Funeral Games followed the general format of the other plays by other writers in the series, in that viewers were expected to decide which virtue they were witnessing before the answer was revealed in the closing credits. The choices were courage, faith, hope, prudence, justice, charity, and temperance. The Good And Faithful Servant and Funeral Games represented faith and justice respectively, but ultimately only the first was included in the series, with the justice episode being The Whole Truth by John Bowen. Both were directed by James Ormerod, who had previously handled The Erpingham Camp.

The Funeral Games script eventually passed to Yorkshire Television, which produced it - along with an adaptation Entertaining Mr Sloane - as contributions to the Playhouse series. Sloane (directed by Peter Moffatt) was broadcast on 15 July 1968, and Games (directed by Ormerod) on 26 August 1968, both post-dating Orton's death. Both these plays still exist.
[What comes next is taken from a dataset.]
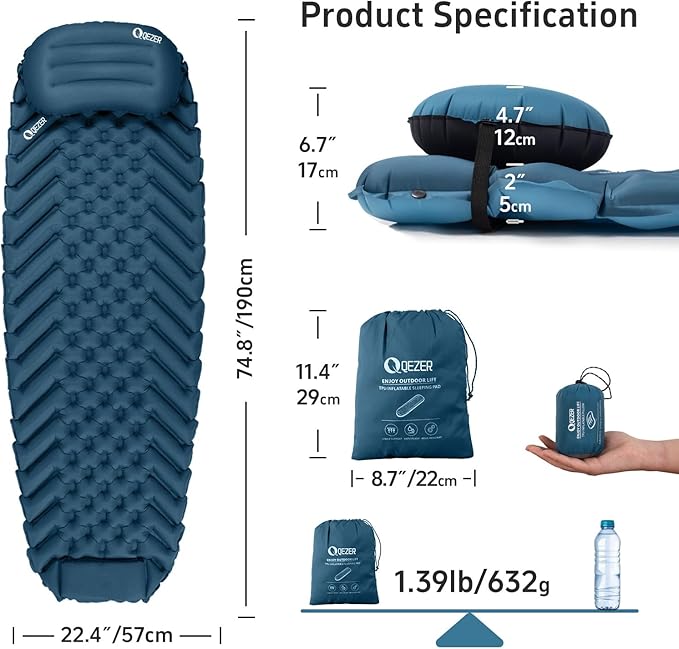 Summer Sleeping Bag with Sleeping pad and Detachable Inflatable Pillow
The play can be seen as a satire on the theme of Christian charity. It is also an attack on hypocrisy in general, and on religion and middle-class morality in particular. It displays Orton's hallmarks of black humour, outrageous characters, deliberate bad taste, and surreal situations.

== Plot ==
Cult leader, preacher, and con-artist Pringle hires thuggish criminal Caulfield to investigate an anonymous report that his wife Tess is having an affair with a defrocked Catholic priest.

It seems that the report is mistaken, and Tess' visits to the priest McCorquodale are innocent. However, McCorquodale has killed his own wife and buried her in the cellar. Pringle still wishes to kill Tess, but instead tells people she has 'gone away', a classic ploy used when one has killed one's wife. His intention is to gain respect as a killer. Tess agrees to live out of sight with McCorquodale.
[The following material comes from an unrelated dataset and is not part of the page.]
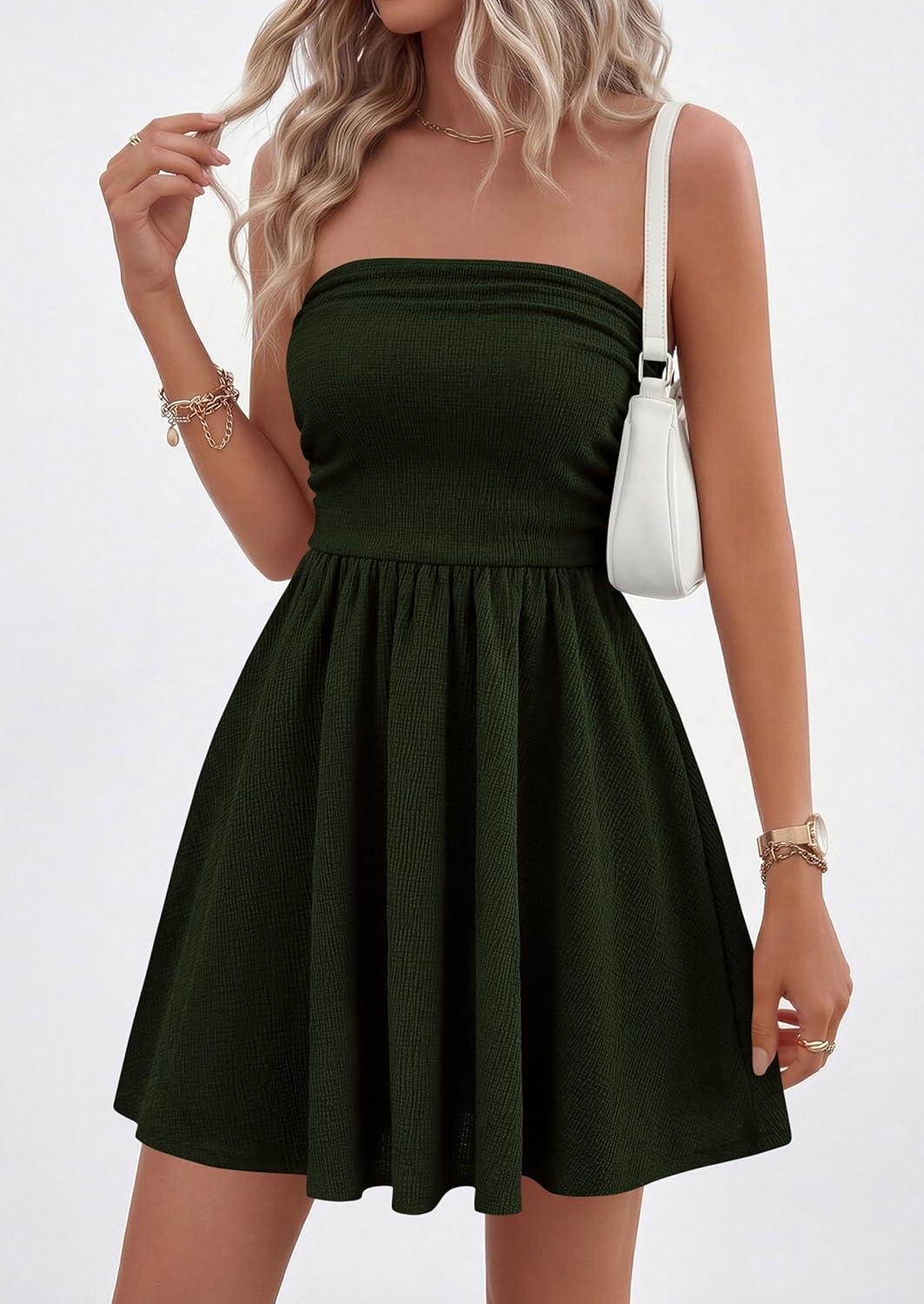 imagePRETTYGARDEN Womens 2026 Summer Rompers Dressy Casual Strapless Shorts One Piece Jumpsuits Date Night Beach Vacation OutfitsDark Green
Pringle's plans are in danger of being ruined when a reporter threatens his new reputation by suspecting that Tess is not dead at all, and accuses Pringle of being innocent.

== Cast ==

- Michael Denison - Pringle
- Vivien Merchant - Tessa
- Ian McShane - Caulfield
- Bill Fraser - McCorquodale

== Production history ==

Orton wrote Funeral Games in several drafts between July and November 1966, a period of intense productivity for him. Funeral Games is considered to be the transitional play between Loot and What the Butler Saw. In common with much of Orton's work, Funeral Games was regarded as very shocking in England on its first production.

The script of the play was first published by Methuen (Modern Plays series, 1970), and the play has enjoyed long-term popularity with amateur and fringe theatre companies in England.

There was a BBC Radio 4 production in 2008.